Pejuang Yang Tak Diperjuangkan

Pejuang Yang Tak Diperjuangkan
Pejuang Yang Tak Diperjuangkan
Pahransyah kala itu bernaung di bawah Barisan Pemberontak Republik Indonesia. Ia dan pemuda lainnya, bermarkas di Kelurahan Gunung Lingai. Berpapasan dengan Belanda saja, Pahransyah harus berlari mengamankan diri ke hutan. Makan pun seadanya. “Keadaannya memang berbeda dengan Jogjakarta yang waktu itu ibu kota negara,” ucap pria kelahiran 3 Januari 1927.

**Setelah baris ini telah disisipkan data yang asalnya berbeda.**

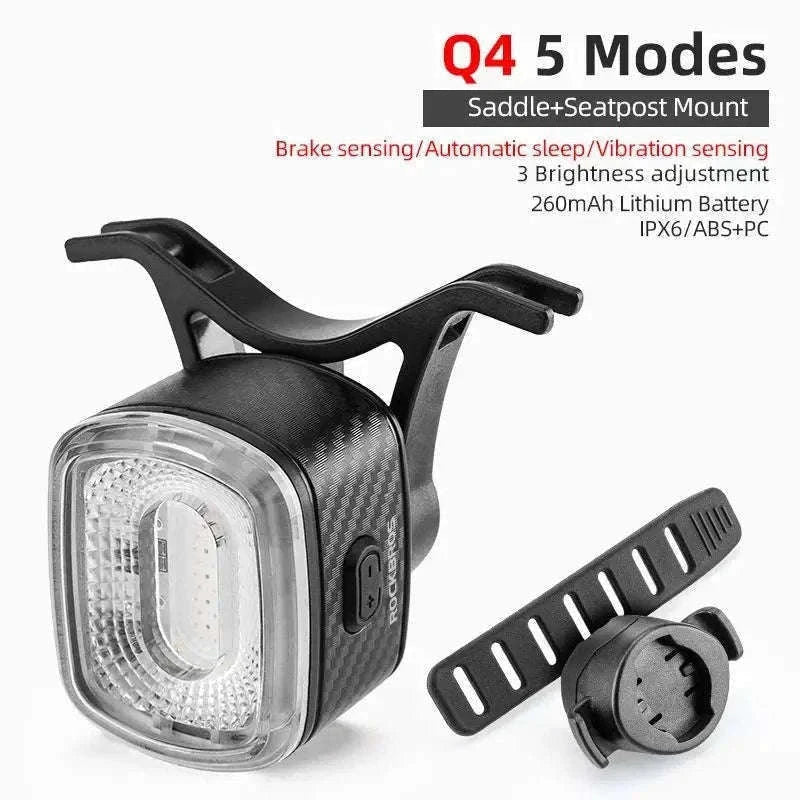 Smart Bicycle Brake Light with Auto Stop & USB-C Rechargeable-Q2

Samarinda, kata dia, memulai perlawanan pada penjajah sejak kedatangan sosok pemuda asal Manado, Sulawesi Utara bersama beberapa rekannya yang memiliki persenjataan lengkap. Sejak itu, pertempuran dengan Belanda mencuat. Ini ditandai dengan berdirinya empat tugu yang menandakan peristiwa perjuangan pemuda Kota Tepian meruntuhkan dominasi Belanda. Empat tugu ini berdiri di daerah Teluk Lerong, Damanhuri, Jalan Suryanata, dan jalan poros menuju Anggana.

“Jadi, Samarinda bukan tak pernah bertempur. Pernah ada sampai delapan orang meninggal,” ujarnya.

Kabarnya, pejuang-pejuang ini turut bertempur dalam peristiwa Merah Putih di Sanga-Sanga pada 1947. Bersama laskarnya, Pahransyah yang asli kelahiran Samarinda beberapa kali mendapat pelatihan senjata. Dari situ, oleh satuannya, ia dikirim ke Jogjakarta. Ibu kota negara kala itu tengah genting, lantaran Belanda kembali melakukan agresi militer atau yang dikenal dengan sebutan Operasi Gagak. Ke sana, ia harus melewati jalan liku menuju Banjarmasin, kemudian Jakarta, sebelum tiba di Jogjakarta. Itupun, ia harus menyamar lantaran menumpangi kapal milik Belanda.

Kejadian mengharukan berlangsung setibanya Pahransyah di Pelabuhan Tanjung Priok. Di sana berdiri gagah tiang dengan bendera merah putih di atasnya berkibar menjulang langit. Tetes air mata mulai membasahi pipinya melihat pemandangan itu. Wajar, pada masa itu bendera Indonesia kerap tersingkir bendera penjajah. Apalagi di Samarinda. “Tapi di sana sehari Belanda, sehari Indonesia. Saya juga bingung bagaimana politik di sana waktu itu,” kenangnya.

PADA zaman penjajahan, aktivitas di Samarinda hanya berpusat di sekitar Sungai Mahakam. Jauh dari sana, daratan Kota Tepian didominasi hutan belantara.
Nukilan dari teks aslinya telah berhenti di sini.